— Assignment —
Can you reproduce the data beneath, keeping every line exact?

↓

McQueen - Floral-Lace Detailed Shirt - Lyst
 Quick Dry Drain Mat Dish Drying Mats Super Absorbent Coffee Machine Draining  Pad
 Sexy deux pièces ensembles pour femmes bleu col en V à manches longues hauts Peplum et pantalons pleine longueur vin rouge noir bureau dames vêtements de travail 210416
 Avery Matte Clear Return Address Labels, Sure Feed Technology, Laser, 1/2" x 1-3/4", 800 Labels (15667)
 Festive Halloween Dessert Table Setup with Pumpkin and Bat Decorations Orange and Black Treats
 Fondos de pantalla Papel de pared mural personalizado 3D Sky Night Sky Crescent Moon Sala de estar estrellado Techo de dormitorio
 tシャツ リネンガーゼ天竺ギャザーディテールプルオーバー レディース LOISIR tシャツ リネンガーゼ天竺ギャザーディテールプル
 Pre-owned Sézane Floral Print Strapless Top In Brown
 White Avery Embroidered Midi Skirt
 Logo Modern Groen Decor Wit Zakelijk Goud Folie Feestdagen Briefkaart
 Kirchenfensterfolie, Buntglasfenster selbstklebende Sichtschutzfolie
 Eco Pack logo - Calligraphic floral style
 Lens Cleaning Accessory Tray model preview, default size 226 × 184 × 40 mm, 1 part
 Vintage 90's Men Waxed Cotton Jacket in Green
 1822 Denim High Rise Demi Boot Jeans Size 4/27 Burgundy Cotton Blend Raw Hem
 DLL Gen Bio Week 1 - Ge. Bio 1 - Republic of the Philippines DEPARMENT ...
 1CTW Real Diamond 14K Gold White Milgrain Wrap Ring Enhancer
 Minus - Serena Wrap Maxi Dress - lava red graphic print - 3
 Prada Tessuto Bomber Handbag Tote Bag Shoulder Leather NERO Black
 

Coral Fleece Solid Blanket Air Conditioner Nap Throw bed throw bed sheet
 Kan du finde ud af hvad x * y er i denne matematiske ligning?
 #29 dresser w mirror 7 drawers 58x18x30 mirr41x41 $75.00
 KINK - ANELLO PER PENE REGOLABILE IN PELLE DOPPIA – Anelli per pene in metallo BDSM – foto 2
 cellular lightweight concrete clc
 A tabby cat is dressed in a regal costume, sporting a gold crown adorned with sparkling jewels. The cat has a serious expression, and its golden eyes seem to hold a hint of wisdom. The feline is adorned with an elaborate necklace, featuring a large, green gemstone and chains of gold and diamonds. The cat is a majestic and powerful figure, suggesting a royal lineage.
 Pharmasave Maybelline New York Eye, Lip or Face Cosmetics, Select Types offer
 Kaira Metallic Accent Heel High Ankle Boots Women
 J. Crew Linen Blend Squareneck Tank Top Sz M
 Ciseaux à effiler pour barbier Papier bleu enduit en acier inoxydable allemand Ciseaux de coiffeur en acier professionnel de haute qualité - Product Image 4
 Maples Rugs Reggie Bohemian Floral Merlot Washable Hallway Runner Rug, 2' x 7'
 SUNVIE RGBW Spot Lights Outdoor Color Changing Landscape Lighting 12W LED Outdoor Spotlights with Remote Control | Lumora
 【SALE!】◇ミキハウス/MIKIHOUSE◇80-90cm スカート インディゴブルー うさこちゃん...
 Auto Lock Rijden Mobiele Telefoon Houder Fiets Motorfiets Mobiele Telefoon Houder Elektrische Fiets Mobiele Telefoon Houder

↑

— Result of the exercise —
McQueen - Floral-Lace Detailed Shirt - Lyst
 Quick Dry Drain Mat Dish Drying Mats Super Absorbent Coffee Machine Draining  Pad
 Sexy deux pièces ensembles pour femmes bleu col en V à manches longues hauts Peplum et pantalons pleine longueur vin rouge noir bureau dames vêtements de travail 210416
 Avery Matte Clear Return Address Labels, Sure Feed Technology, Laser, 1/2" x 1-3/4", 800 Labels (15667)
 Festive Halloween Dessert Table Setup with Pumpkin and Bat Decorations Orange and Black Treats
 Fondos de pantalla Papel de pared mural personalizado 3D Sky Night Sky Crescent Moon Sala de estar estrellado Techo de dormitorio
 tシャツ リネンガーゼ天竺ギャザーディテールプルオーバー レディース LOISIR tシャツ リネンガーゼ天竺ギャザーディテールプル
 Pre-owned Sézane Floral Print Strapless Top In Brown
 White Avery Embroidered Midi Skirt
 Logo Modern Groen Decor Wit Zakelijk Goud Folie Feestdagen Briefkaart
 Kirchenfensterfolie, Buntglasfenster selbstklebende Sichtschutzfolie
 Eco Pack logo - Calligraphic floral style
 Lens Cleaning Accessory Tray model preview, default size 226 × 184 × 40 mm, 1 part
 Vintage 90's Men Waxed Cotton Jacket in Green
 1822 Denim High Rise Demi Boot Jeans Size 4/27 Burgundy Cotton Blend Raw Hem
 DLL Gen Bio Week 1 - Ge. Bio 1 - Republic of the Philippines DEPARMENT ...
 1CTW Real Diamond 14K Gold White Milgrain Wrap Ring Enhancer
 Minus - Serena Wrap Maxi Dress - lava red graphic print - 3
 Prada Tessuto Bomber Handbag Tote Bag Shoulder Leather NERO Black
 

Coral Fleece Solid Blanket Air Conditioner Nap Throw bed throw bed sheet
 Kan du finde ud af hvad x * y er i denne matematiske ligning?
 #29 dresser w mirror 7 drawers 58x18x30 mirr41x41 $75.00
 KINK - ANELLO PER PENE REGOLABILE IN PELLE DOPPIA – Anelli per pene in metallo BDSM – foto 2
 cellular lightweight concrete clc
 A tabby cat is dressed in a regal costume, sporting a gold crown adorned with sparkling jewels. The cat has a serious expression, and its golden eyes seem to hold a hint of wisdom. The feline is adorned with an elaborate necklace, featuring a large, green gemstone and chains of gold and diamonds. The cat is a majestic and powerful figure, suggesting a royal lineage.
 Pharmasave Maybelline New York Eye, Lip or Face Cosmetics, Select Types offer
 Kaira Metallic Accent Heel High Ankle Boots Women
 J. Crew Linen Blend Squareneck Tank Top Sz M
 Ciseaux à effiler pour barbier Papier bleu enduit en acier inoxydable allemand Ciseaux de coiffeur en acier professionnel de haute qualité - Product Image 4
 Maples Rugs Reggie Bohemian Floral Merlot Washable Hallway Runner Rug, 2' x 7'
 SUNVIE RGBW Spot Lights Outdoor Color Changing Landscape Lighting 12W LED Outdoor Spotlights with Remote Control | Lumora
 【SALE!】◇ミキハウス/MIKIHOUSE◇80-90cm スカート インディゴブルー うさこちゃん...
 Auto Lock Rijden Mobiele Telefoon Houder Fiets Motorfiets Mobiele Telefoon Houder Elektrische Fiets Mobiele Telefoon Houder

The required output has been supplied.